To be fair, they had mailed the pillow back later.
After a couple of weeks making inquiries- a dull and time-consuming process- she found that the pair had turned sharply West, and moved a lot faster than they had before.
This also meant that they stopped being so noticeable, and Toph quickly lost the trail.
One evening, she overheard two people discussing a rumour. Apparently, a warrior had appeared out West, challenging anyone he came across.
A warrior wielding a black sword.
Well, at least Toph knew why they had come out this way.
--
She caught up to them a week later.
She felt them before she heard them, walking side by side down the road. But she heard them soon enough.
"Sokka, we've been doing this for hours now. Can we stop? I don't think he's going to show."
She felt rather than heard his sigh.
"I guess you're right. I mean, after all hiyah!"
The boomerang bounced harmlessly off the wall of earth.
"Toph?"
"Who were you expecting?"
"...You know, I don't think you can really use that one in this situation, since I was pretty obviously not expecting you. But how've you been?"
"Eh, alright, I guess. You know how it is."

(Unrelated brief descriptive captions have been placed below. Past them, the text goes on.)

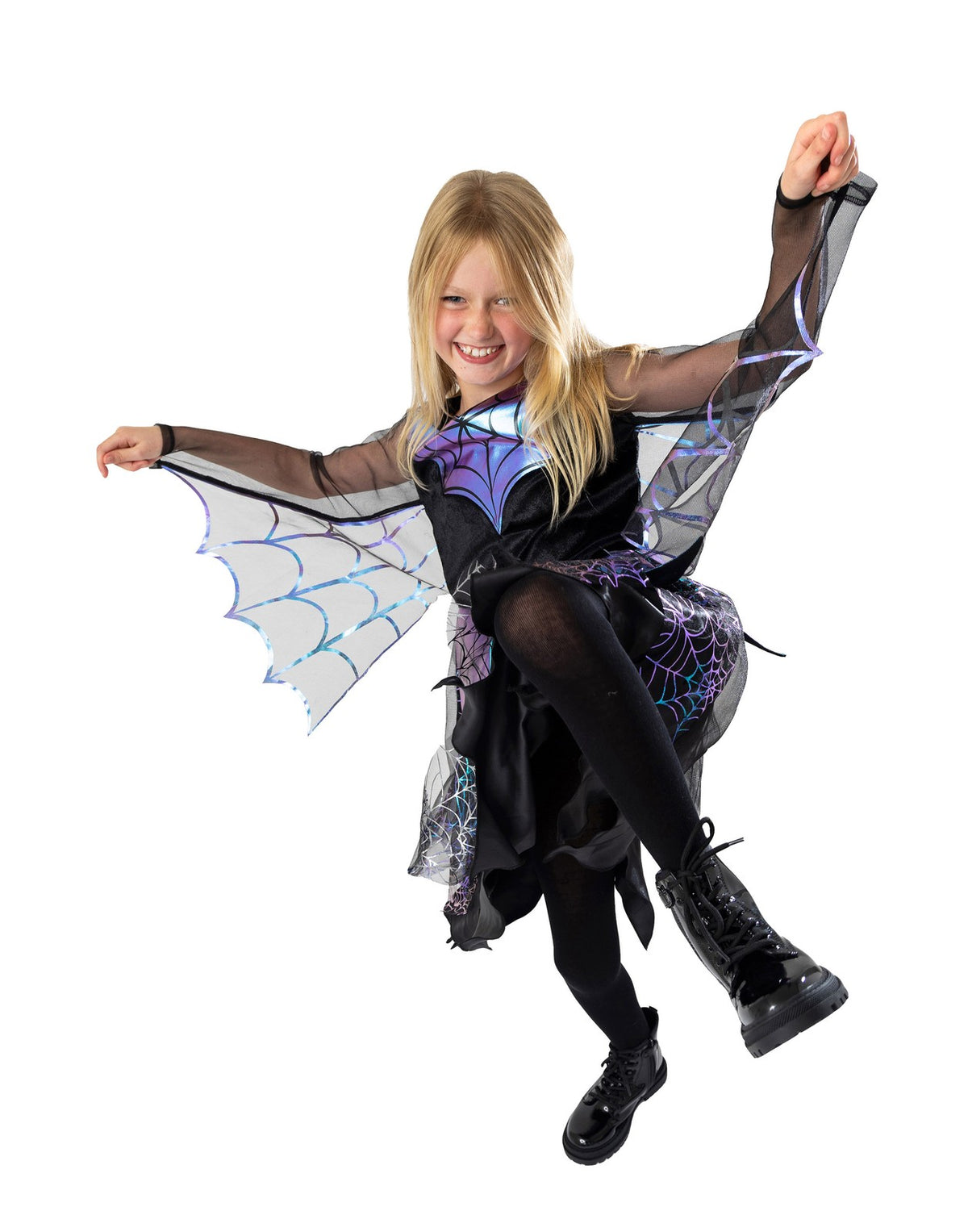 Blues Group 2 Piece Costume | Girls Black | Official Merch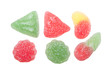 sugar coated gumdrops isolated sugar coated gumdrops isolated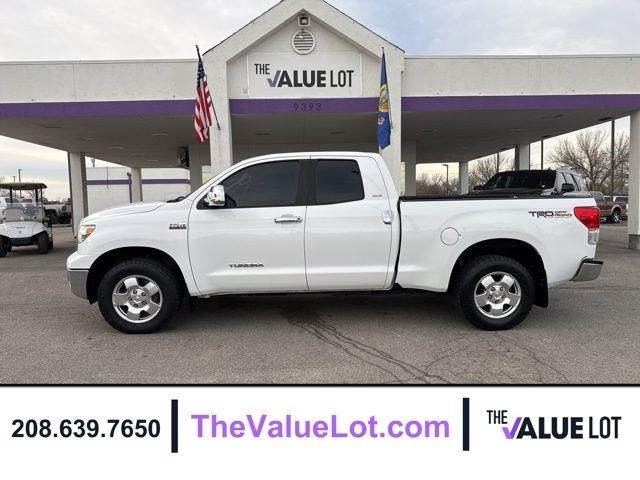 Toyota Tundra 4WD Truck  2012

"To live the life of the idle rich? Can't say I do. Mai, you know what the idle rich do, right?"
"Nothing."
"Well, there you have it. Come on, let's get back to the inn."

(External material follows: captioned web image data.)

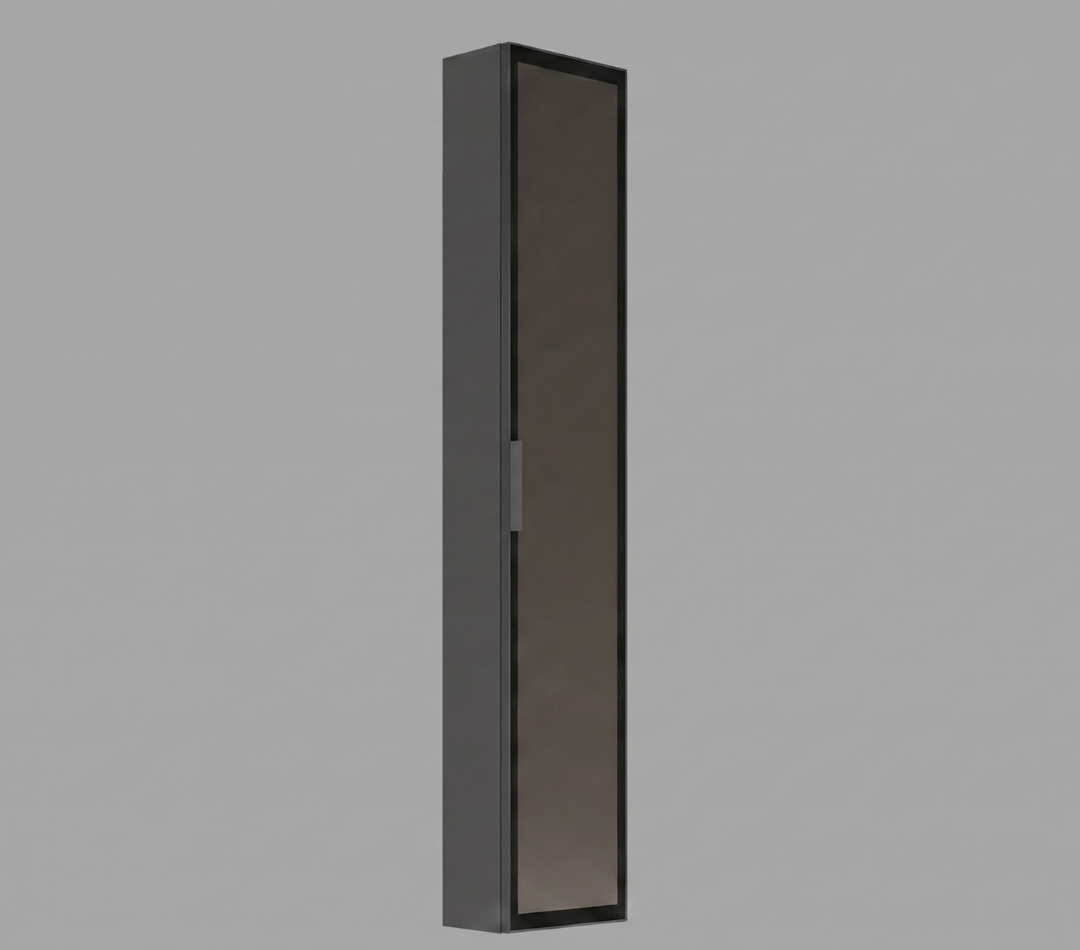 Glass display unit
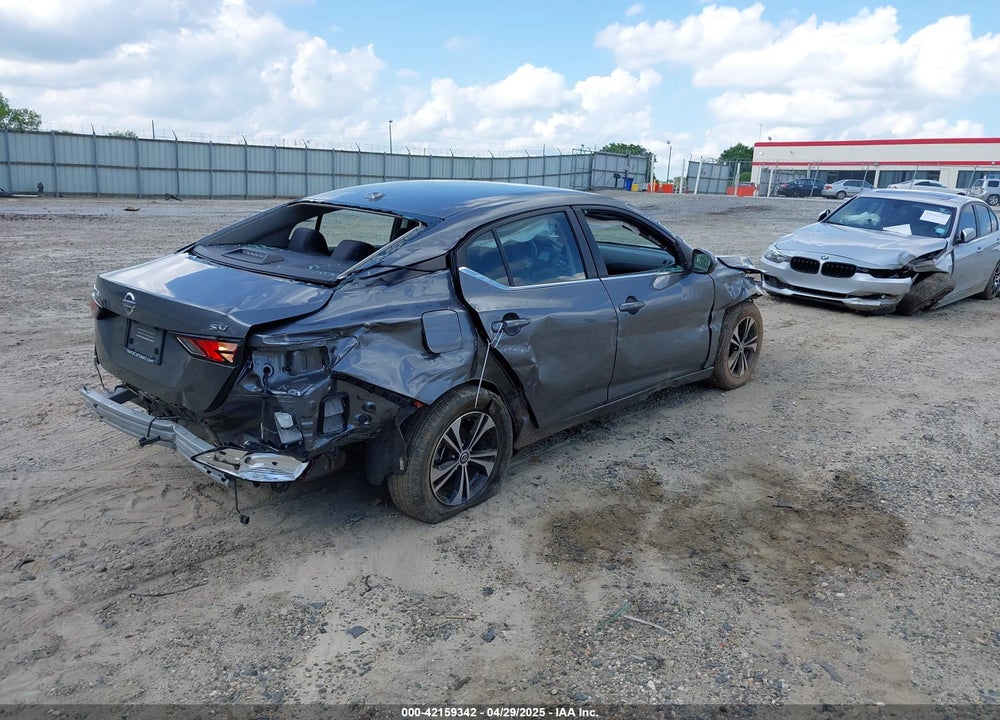 2023 NISSAN SENTRA SV XTRONIC CVT VIN: 3N1AB8CV3PY287907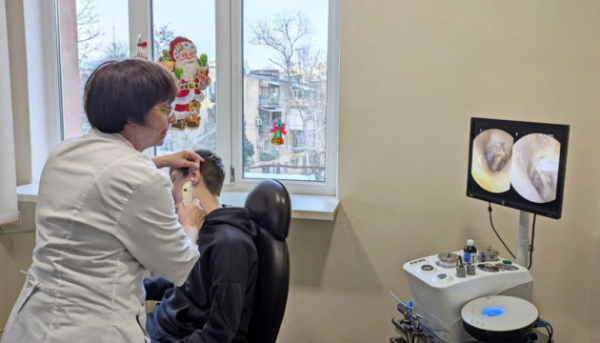 В Одесі відкрили дитячий центр слуху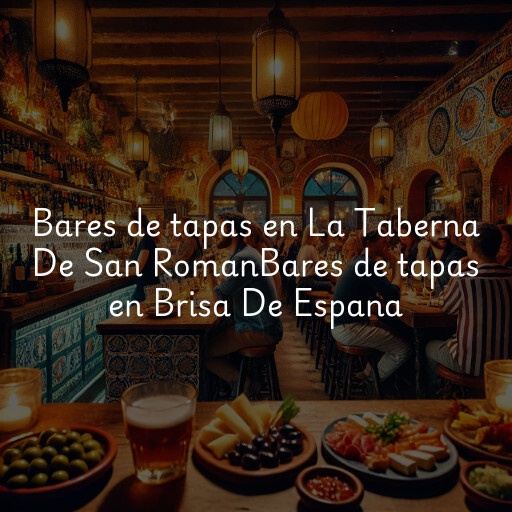 Bares de tapas en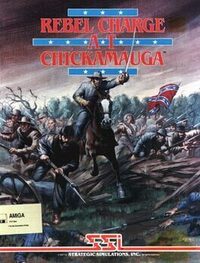 Rebel Charge at Chickamauga cover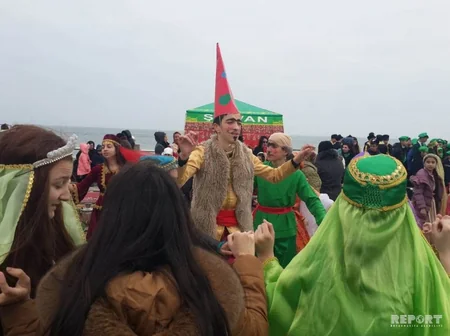 Sumqayıtda ümumşəhər Novruz şənliyi keçirilib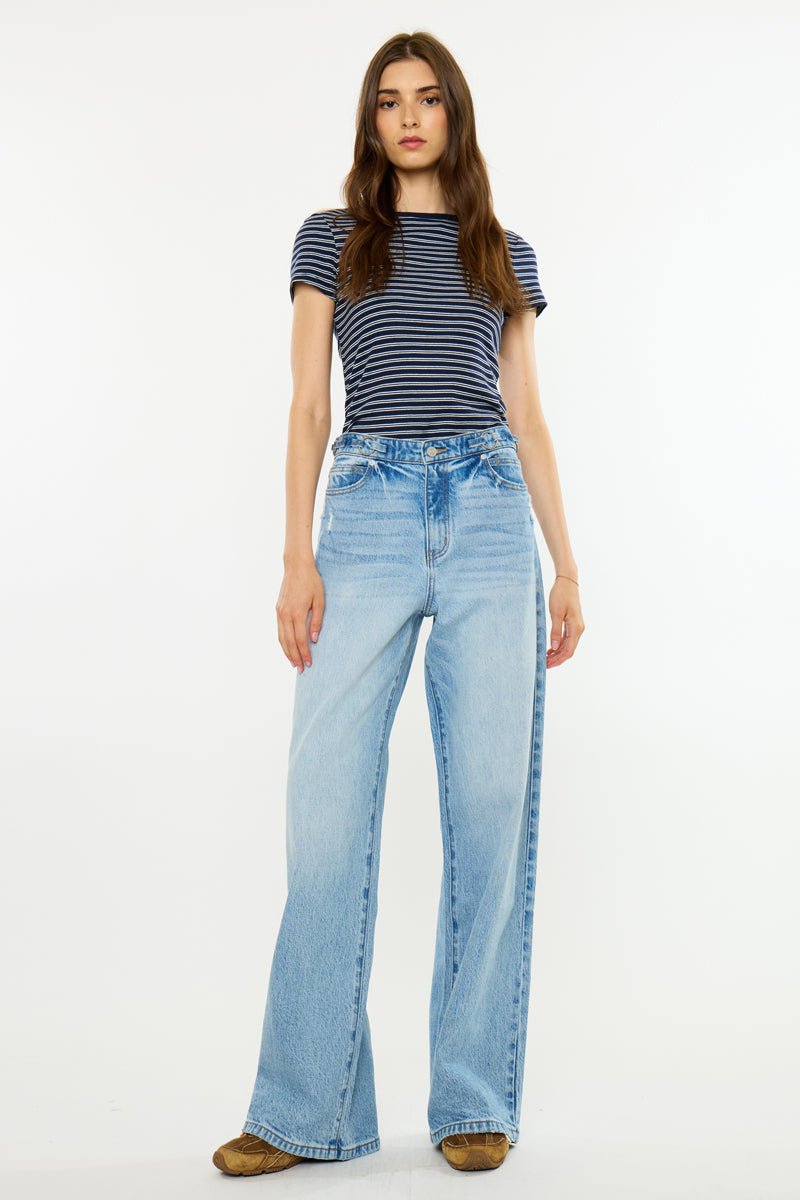 Kiara Low Curve Wide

They fell into step. Back in sync in moments, it was like the last five years just melted away, and they were on the road, telling idiotic jokes, laughing at other people's expense, constantly trying to get the better of one another. She couldn't believe how much she had missed this.

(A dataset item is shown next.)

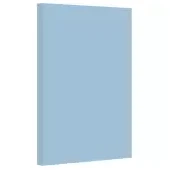 Imagen de Cartulina bristol 1/8 azul x 100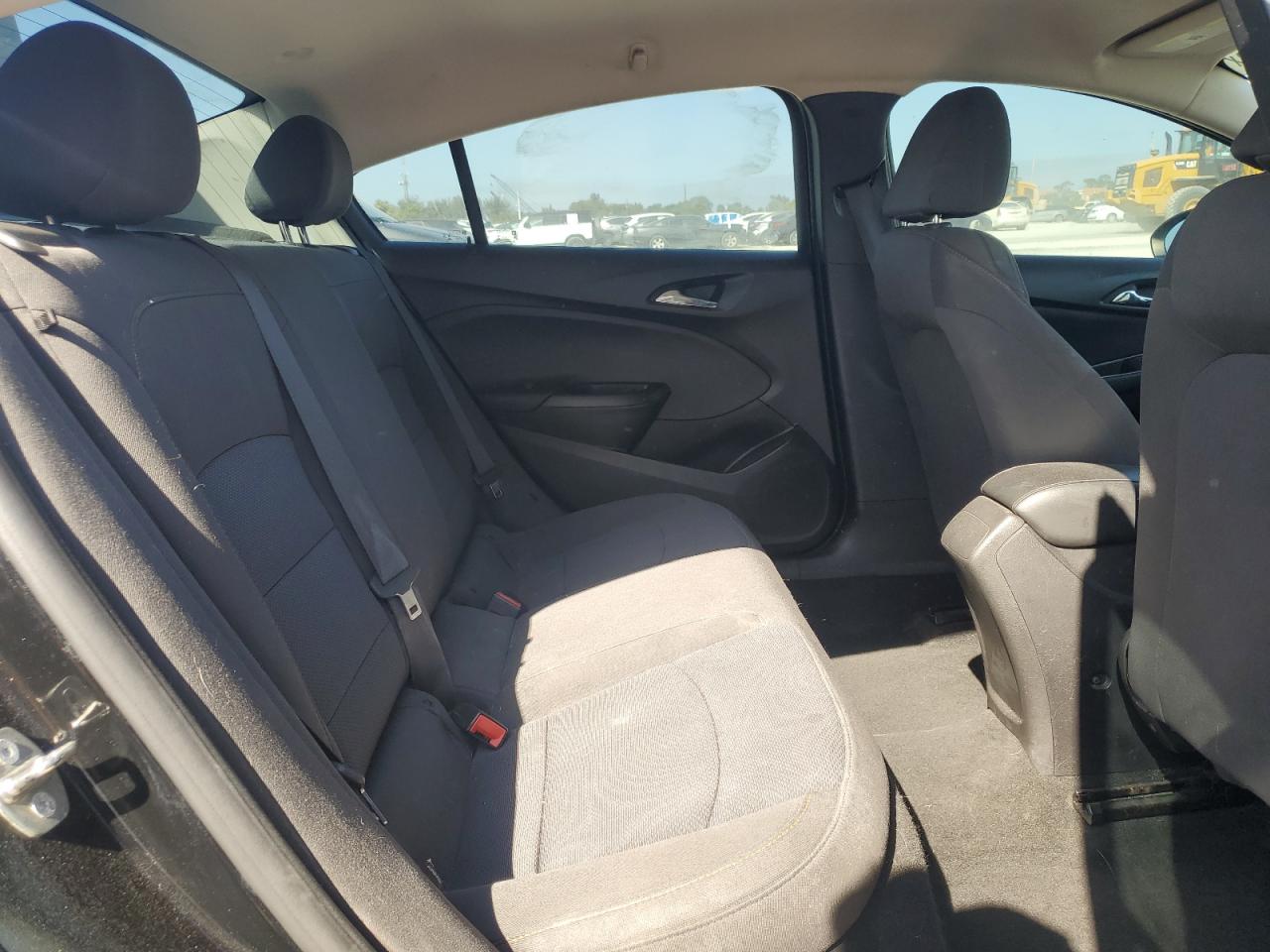2018 Chevrolet Cruze VIN 1G1BC5SM8J7180455 Copart auction photo, rear end / side damage thumbnail 10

It was only afterwards that Toph noticed Mai had become part of the background.
--
They had rented a room for her at the inn, and invited her to join them on their search in the morning.
Well, Sokka had. Mai still hadn't said a word to her.
--
Their plan, once Sokka had explained it to her, had seemed sensible, and simple. Let it be known that they were looking for the guy with the black sword, walk around in the area he was known to be, wait for him to intercept them, and get the sword back, by whatever means seemed easiest.
It was apparently a lot easier on Sokka's conscience when he had heard that the guy was supposed to be a total jerk.
--
It had been a long three days. Three days of walking around in the baking sun. During that time, she was fairly certain she had heard Mai say a total of maybe twenty words. Admittedly, she wasn't around Toph all the time, so maybe she got all her talking done at night.
But it had been great seeing Sokka again, and he had made the three days of walking seem fun.
But now they were at an end, because the guy had shown up.
She knew it was the sword from the moment he had got within a mile. No other metal was quite the same, and she had her bracelet to compare it to. It was him.
"Great."
"Why? Intimidating?"
"A little."
"So! You are the ones who are looking for me."
Sokka stepped forward.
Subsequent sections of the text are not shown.